Let A and B be $n \times n$ real symmetric matrix. Suppose A is positive definite and denote its smallest eigenvalue as $\lambda_{\min}(A)>0$. All elements of B are positive and bounded, i.e. $0\le a <B_{ij}<b, B_{ij}=B_{ji}$. Denote the hadamard product of two matrices as $C=A\circ B$.
Here are two questions:
- Can we know whether $B$ is positive definite or not? (constant a and b can be chosen arbitrarily to satisfy the requirements)

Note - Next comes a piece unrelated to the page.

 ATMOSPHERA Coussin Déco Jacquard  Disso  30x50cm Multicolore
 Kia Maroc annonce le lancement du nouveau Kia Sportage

- Can we lower bound the smallest eigenvalue of C?
P.S.
I'm encountered with this question in an engineering computation problem. The motivation is to control $-v^{\top} C v$ or $\|v^{\top} C\|$ and we can make some restrictions on B, for example, bounding the entries of $B$ or set $n$ as large as we need. I have seen some results in On majorization and Schur products while $B$ has to be positive definite, which may not be guaranteed in my question.
Best Answer
As discussed in the comments, the positivity of the entries of $B$ does not ensure that $B$ is positive definite. I further suspect that there's no good way to take advantage of the positivity of the entries in checking whether $B$ is positive definite.
Here's a proof of a corrected version of the result that I referred to
Proof: We note that $A \circ B$ is a principal submatrix of the Kronecker product $A \otimes B$. The eigenvalues of $A \otimes B$ are of the form $\lambda = \lambda_i(A) \lambda_j(B)$ for $1 \leq i,j \leq n$. By the Cauchy interlacing inequality, it follows that $$ \lambda_{\max}(A)\lambda_\min(B) = \lambda_{\min}(A \otimes B) \leq \lambda_{\max}(A \circ B). \qquad \square $$
Alternative proof: Let $\mu = \lambda_{\min}(B)$, so that $B - \mu I$ is positive semidefinite. It follows that $A \circ (B - \mu I)$ is positive semidefinite, so that its minimal eigenvalue is at least $0$. Thus, $$ \lambda_\min(A \circ B) = \lambda_\min(A \circ (B - \mu I) + \mu A) \\ \geq \lambda_\min(A \circ (B - \mu I) + \lambda_\min(\mu A) \\ = \lambda_\min(A \circ (B - \mu I) - |\mu|\lambda_\max(A) \\ \geq 0- |\mu|\lambda_\min(A) = \lambda_\max(A)\lambda_\min(B). $$